Stored data =
■ ■ ■ ■
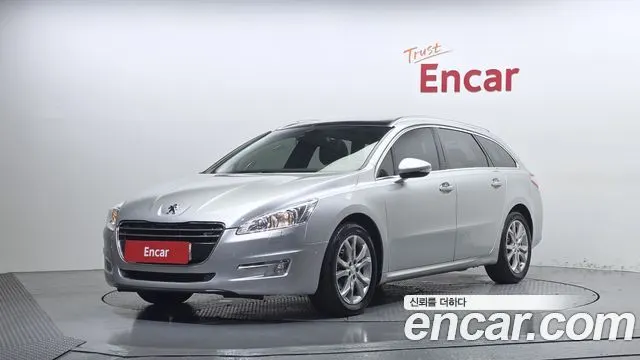 PEUGEOT 508SW 2014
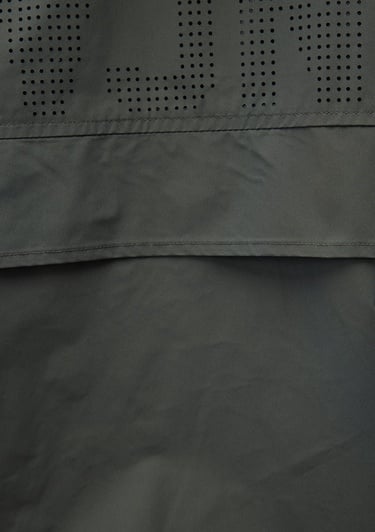  Mavi Kapüşonlu Haki Ceket Regular Fit / Normal Kesim 0110234-71598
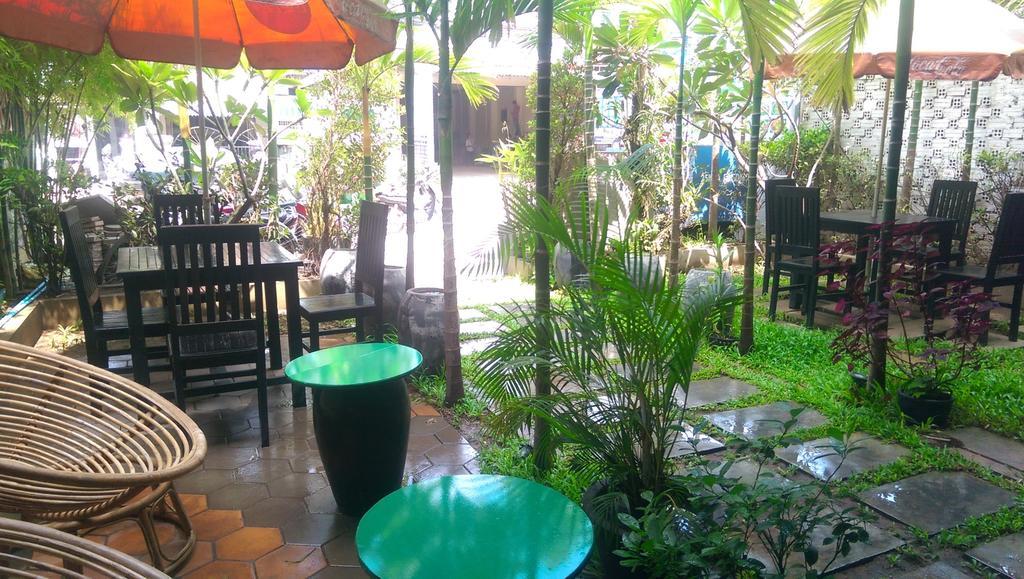 Siem Reap Green Home Guesthouse מראה חיצוני תמונה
■ ■ ■ ■
Task directions =
Would you retype all the lines shown above, exactly as written and without any picture?

Exercise solution =
 PEUGEOT 508SW 2014
  Mavi Kapüşonlu Haki Ceket Regular Fit / Normal Kesim 0110234-71598
 Siem Reap Green Home Guesthouse מראה חיצוני תמונה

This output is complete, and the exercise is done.